Structure and heat dissipation optimization of high power water load based on fluid simulation

利用水的高比热容和可循环冷却特性,大功率水负载可有效保证输出功率得到稳定吸收,从而保证器件的可靠性。根据输出功率的大小,利用流体仿真软件Fluent对水负载入水口流速大小、腔体内外部结构以及出入水口直径进行优化设计。仿真优化表明,提高流速会降低吸收腔内的温度,但其温度改变不大,在热边界条件下合适的流速为V=8 m/s;结构优化表明,水负载最优的散热结构为,入水口与上外壳边缘相切,出水口圆心与顶面圆圆心重合;单独增大出水口直径,不利于散热,需要同时增大出入水口直径,才能达到促进散热的效果。

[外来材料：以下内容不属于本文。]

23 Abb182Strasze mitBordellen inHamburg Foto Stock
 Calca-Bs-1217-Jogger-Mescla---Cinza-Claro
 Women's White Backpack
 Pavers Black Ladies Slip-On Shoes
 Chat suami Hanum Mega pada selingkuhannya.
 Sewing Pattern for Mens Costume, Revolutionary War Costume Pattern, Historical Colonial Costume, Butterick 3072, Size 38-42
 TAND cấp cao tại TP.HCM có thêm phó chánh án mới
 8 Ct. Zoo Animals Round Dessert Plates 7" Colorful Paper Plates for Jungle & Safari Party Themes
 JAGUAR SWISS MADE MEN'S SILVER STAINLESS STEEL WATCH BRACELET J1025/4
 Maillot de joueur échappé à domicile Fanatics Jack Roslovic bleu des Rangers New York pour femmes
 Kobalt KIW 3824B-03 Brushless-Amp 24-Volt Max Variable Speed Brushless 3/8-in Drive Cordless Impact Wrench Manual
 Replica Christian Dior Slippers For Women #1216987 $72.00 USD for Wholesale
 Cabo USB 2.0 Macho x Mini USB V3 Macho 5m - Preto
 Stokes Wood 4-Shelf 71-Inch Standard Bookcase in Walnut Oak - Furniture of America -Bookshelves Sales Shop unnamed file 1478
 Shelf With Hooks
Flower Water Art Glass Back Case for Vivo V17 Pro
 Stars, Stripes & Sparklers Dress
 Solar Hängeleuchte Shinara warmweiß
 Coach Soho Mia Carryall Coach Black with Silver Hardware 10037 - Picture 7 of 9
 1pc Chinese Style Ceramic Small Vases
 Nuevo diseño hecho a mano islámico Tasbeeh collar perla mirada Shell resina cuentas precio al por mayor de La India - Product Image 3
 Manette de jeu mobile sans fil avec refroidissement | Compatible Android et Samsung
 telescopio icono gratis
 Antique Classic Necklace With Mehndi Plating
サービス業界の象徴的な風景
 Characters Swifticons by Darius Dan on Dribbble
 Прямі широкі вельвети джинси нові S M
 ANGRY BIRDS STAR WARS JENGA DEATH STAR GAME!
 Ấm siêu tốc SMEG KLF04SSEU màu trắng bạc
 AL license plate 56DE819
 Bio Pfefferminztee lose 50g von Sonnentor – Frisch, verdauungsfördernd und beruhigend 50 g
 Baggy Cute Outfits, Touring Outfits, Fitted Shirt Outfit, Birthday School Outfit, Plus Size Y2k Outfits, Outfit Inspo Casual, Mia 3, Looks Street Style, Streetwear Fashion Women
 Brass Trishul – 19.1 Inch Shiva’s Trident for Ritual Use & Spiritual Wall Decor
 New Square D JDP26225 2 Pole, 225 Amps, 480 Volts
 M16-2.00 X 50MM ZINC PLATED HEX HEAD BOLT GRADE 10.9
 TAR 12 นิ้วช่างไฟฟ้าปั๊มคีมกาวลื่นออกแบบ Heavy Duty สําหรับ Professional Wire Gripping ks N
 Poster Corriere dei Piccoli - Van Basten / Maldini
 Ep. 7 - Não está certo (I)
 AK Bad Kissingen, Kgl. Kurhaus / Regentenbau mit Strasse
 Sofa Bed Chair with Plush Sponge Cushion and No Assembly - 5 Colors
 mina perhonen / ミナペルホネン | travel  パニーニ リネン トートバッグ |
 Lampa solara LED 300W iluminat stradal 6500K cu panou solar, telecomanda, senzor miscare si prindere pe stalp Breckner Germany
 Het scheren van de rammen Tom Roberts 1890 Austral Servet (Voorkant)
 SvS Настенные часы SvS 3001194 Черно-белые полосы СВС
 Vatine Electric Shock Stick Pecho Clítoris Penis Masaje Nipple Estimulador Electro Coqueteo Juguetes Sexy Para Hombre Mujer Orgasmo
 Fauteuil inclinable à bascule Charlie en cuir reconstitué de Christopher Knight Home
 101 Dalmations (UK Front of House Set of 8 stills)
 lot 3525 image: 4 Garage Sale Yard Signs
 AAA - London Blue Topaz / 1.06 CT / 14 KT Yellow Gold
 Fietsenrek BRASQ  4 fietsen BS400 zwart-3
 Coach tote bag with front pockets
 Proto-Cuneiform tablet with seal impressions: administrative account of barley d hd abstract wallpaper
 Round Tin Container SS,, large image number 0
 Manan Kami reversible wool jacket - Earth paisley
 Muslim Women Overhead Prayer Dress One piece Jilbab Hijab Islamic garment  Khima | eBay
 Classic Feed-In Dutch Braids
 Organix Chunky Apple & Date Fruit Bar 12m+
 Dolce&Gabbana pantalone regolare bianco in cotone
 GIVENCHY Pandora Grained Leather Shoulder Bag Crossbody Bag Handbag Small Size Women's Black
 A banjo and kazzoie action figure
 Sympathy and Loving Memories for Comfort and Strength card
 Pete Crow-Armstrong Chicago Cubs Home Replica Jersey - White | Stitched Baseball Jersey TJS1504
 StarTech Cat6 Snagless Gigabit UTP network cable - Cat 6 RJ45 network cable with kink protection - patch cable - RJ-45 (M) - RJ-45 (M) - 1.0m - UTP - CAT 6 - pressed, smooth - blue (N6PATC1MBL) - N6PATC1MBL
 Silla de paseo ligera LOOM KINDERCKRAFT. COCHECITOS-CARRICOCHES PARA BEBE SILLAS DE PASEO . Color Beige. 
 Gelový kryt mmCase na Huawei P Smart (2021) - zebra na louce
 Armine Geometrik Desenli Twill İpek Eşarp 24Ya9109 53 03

Based on the high specific heat capacity and cyclic cooling characteristics, high power water load can absorb the output power sustainably and stably, ensuring the device reliability. The velocity of input pipeline, the internal and external structure of enclosure, the diameter of input and output ports, were optimized by Fluent software based on export power. The results show that the temperature of absorption enclosure decreases when the input velocity increase, and the most suitable velocity for the thermal boundary condition is V=8 m/s. The structure optimization shows that the best heat dissipation structure of water load is that, the water inlet pipe is tangent to the edge of the upper shell, meanwhile, the center of output pipe is coincide with top of the center of the circle on the upper shell. Besides, it’s not favorable to dissipate heat when increasing the diameter of output pipe solely, in order to promote the heat dissipation of absorption enclosure needs to increase the input and output diameter of pipe at the same time.